Racial Preferences by the Numbers
Two researchers lay out the data on affirmative action in college admissions.


It’s hard to get a straight answer as to how pervasive racial preferences are. On the one hand, many academics say preferences hardly even exist — they’re just a tie-breaker that admissions officers use on rare occasions. On the other hand, the same academics often say preferences are crucial to diversity, and their elimination would wreak havoc on campuses nationwide. Perhaps nowhere has this bizarre contradiction been on starker display than in No Longer Separate, Not Yet Equal — a book that manages, despite this contradiction, to shed light on various controversies in higher ed.

Using the National Study of College Experience (NSCE) — a collection of information from eight anonymous elite colleges — authors Thomas J. Espenshade and Alexandria Walton Radford are able to calculate various applicants’ odds of getting into a school. They discover some mildly interesting trends regarding social class (more on that later), but their results for race are truly stunning. After academic performance and demographic factors have been taken into account, black applicants are more than five times as likely as whites to be accepted at NSCE private schools, and 220 times as likely to be accepted at NSCE public schools. Asian applicants, meanwhile, are only about a third as likely as whites to get big envelopes from private institutions, and one-fifth as likely to gain admission to public ones.

Putting preferences in terms of test scores, at private schools, blacks get an advantage, compared to whites, worth 310 SAT points (out of 1600), Hispanics an advantage of 130, and Asians a disadvantage of 140. At public schools, the authors present the difference in ACT points: blacks 3.8 (out of 36), Hispanics 0.3, Asians –3.4.

If we look at students who actually matriculate, blacks are far more likely than whites to come from the bottom 80 percent of their high-school classes (27 percent versus 12 percent), have high-school GPAs of B+ or below (32 versus 18 percent), and have SAT scores below 1000 (21 versus 2 percent).
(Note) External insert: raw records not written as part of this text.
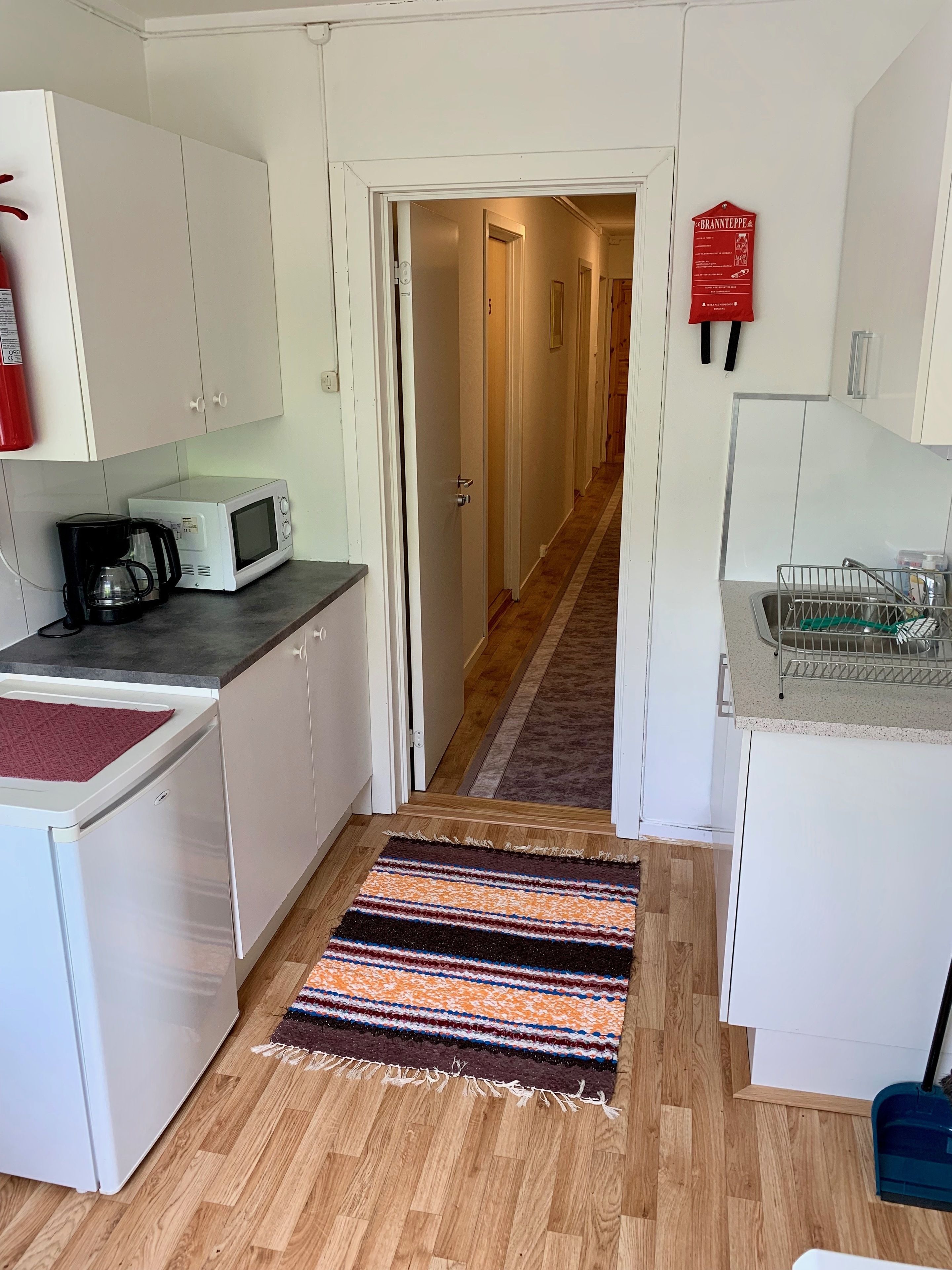A compact kitchen with white cabinets, a microwave, a coffee maker, and a red fire extinguisher. A striped rug leads to a hallway with a door marked '5'.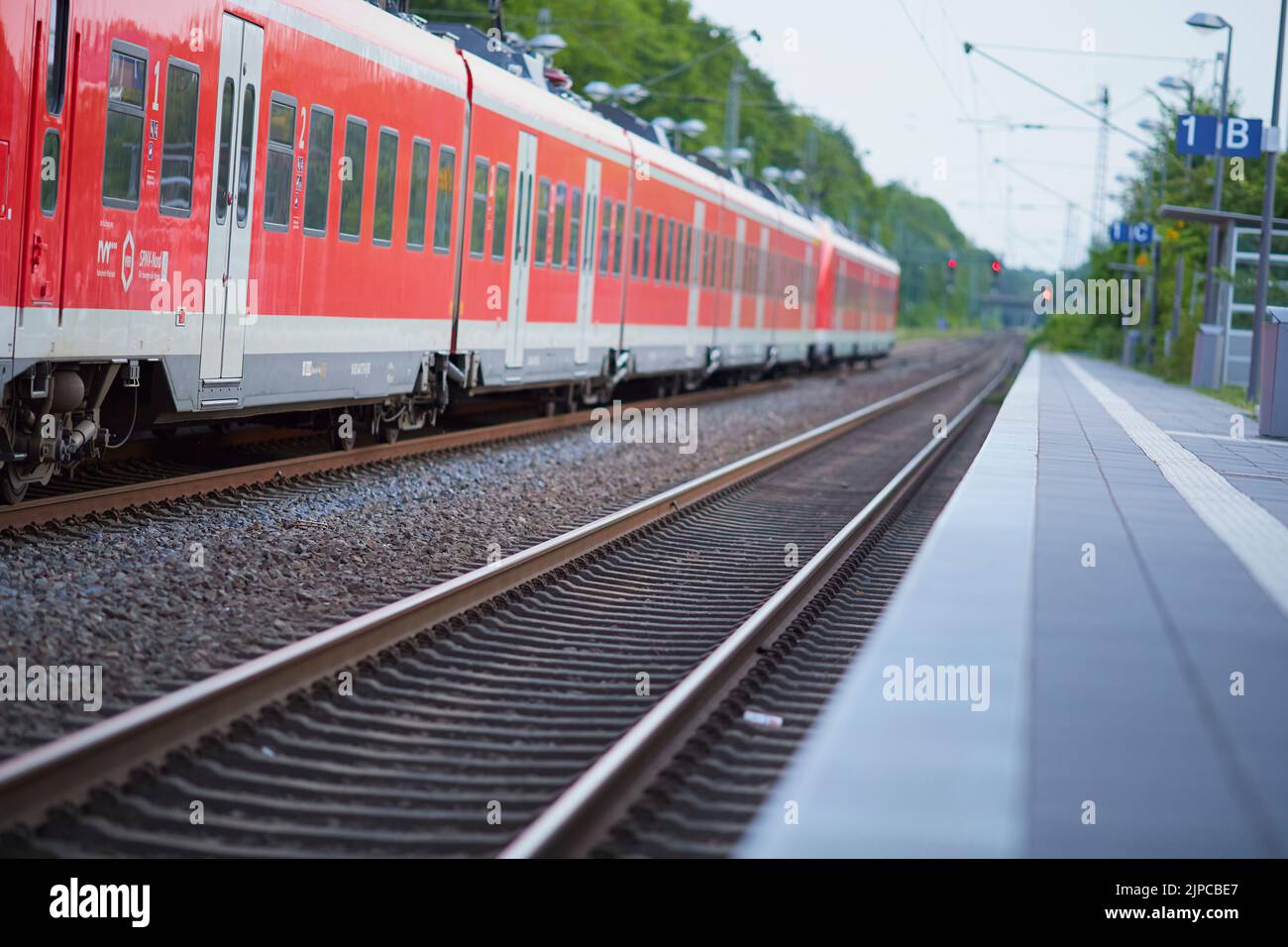 A red DB train arriving at a station in Geilenkirchen, Germany Stock Photo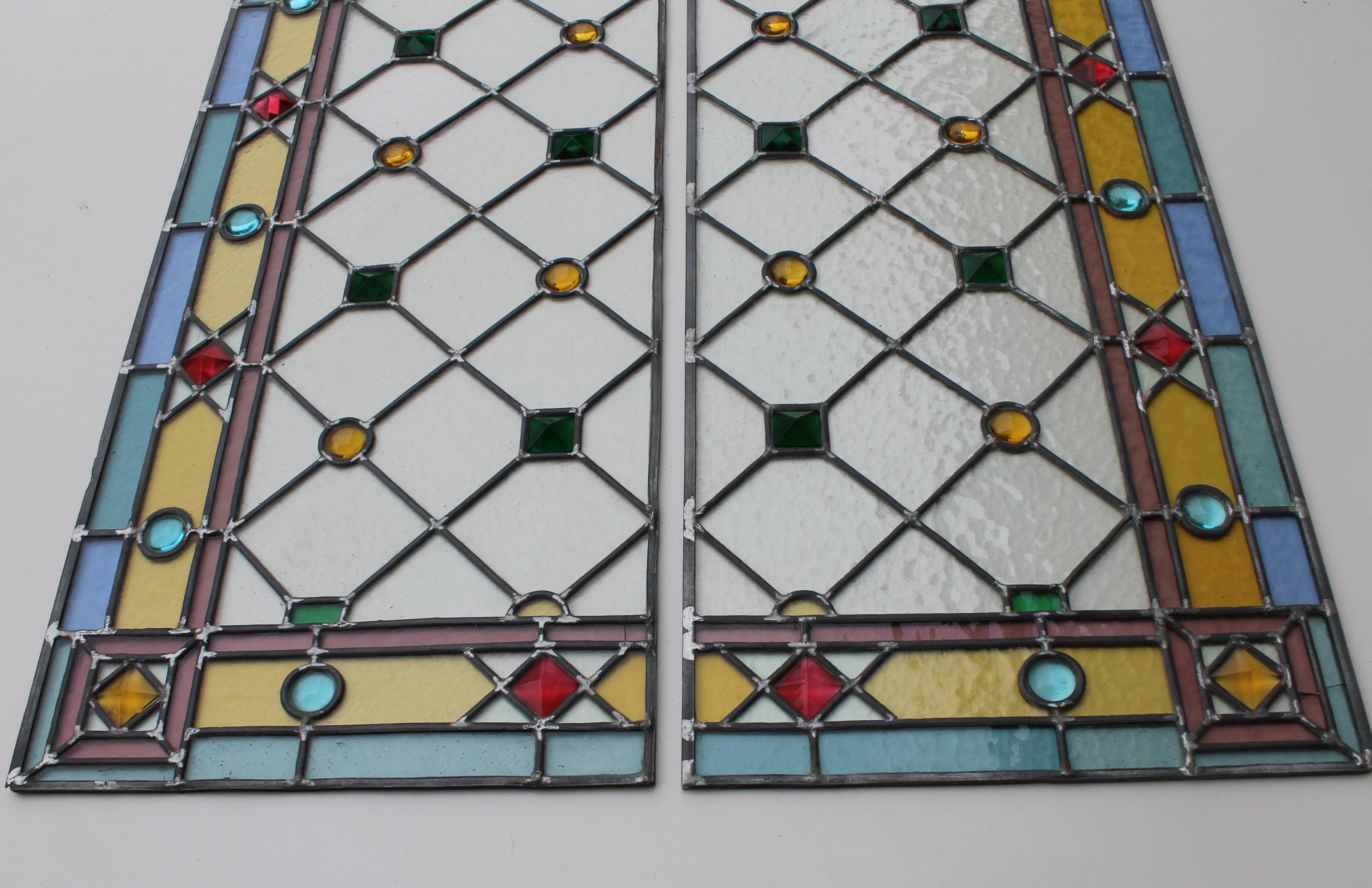 Two decorated stained glass panels, completely restored, dated, circa 1935.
The logical conclusion from this mountain of evidence is obvious: Top-of-the-line schools use severe racial preferences. This shouldn’t be all that shocking; although colleges usually keep quiet about the degree to which they prefer blacks and Hispanics over Asians and whites, anecdotes and numbers have been trickling out for years. Even when California banned racial preferences, its state universities didn’t stop using them. Last year, a UCLA professor resigned from the school’s admissions committee in protest of its flouting the law and issued an 89-page report explaining his reasons. Few schools outright deny using preferences, and the Supreme Court allows the practice. The Center for Equal Opportunity has calculated the extent of countless schools’ preference policies, usually concluding that black and Hispanic candidates get a significant advantage.

But the authors resist this conclusion. Espenshade told an interviewer for the Inside Higher Ed website that he doesn’t have “smoking gun” evidence that Asians are discriminated against, claiming that factors he wasn’t able to include in his analysis — letters of recommendation, etc. — might have been so much worse for Asians that they explained the gap. The book makes a similar argument about blacks and Hispanics, going so far as to bust out the old tie-breaker meme in this jawdroppingly absurd passage:

It would be a mistake to interpret the data . . . as meaning that elite college admissions officers are necessarily giving extra weight to black and Hispanic candidates just because they belong to underrepresented minority groups. This may occur from time to time, especially in situations where two applicants are otherwise equally well qualified. But in our judgment, it is more likely that a proper assessment of these data is that the labels “black” and “Hispanic” are proxies for a constellation of other factors in a candidate’s application folder that we do not observe. These unobserved qualities — perhaps having overcome disadvantage and limited opportunities or experiencing challenging family or schooling circumstances — may be positively correlated with the chances of being admitted when a holistic review of an applicant’s total materials is conducted.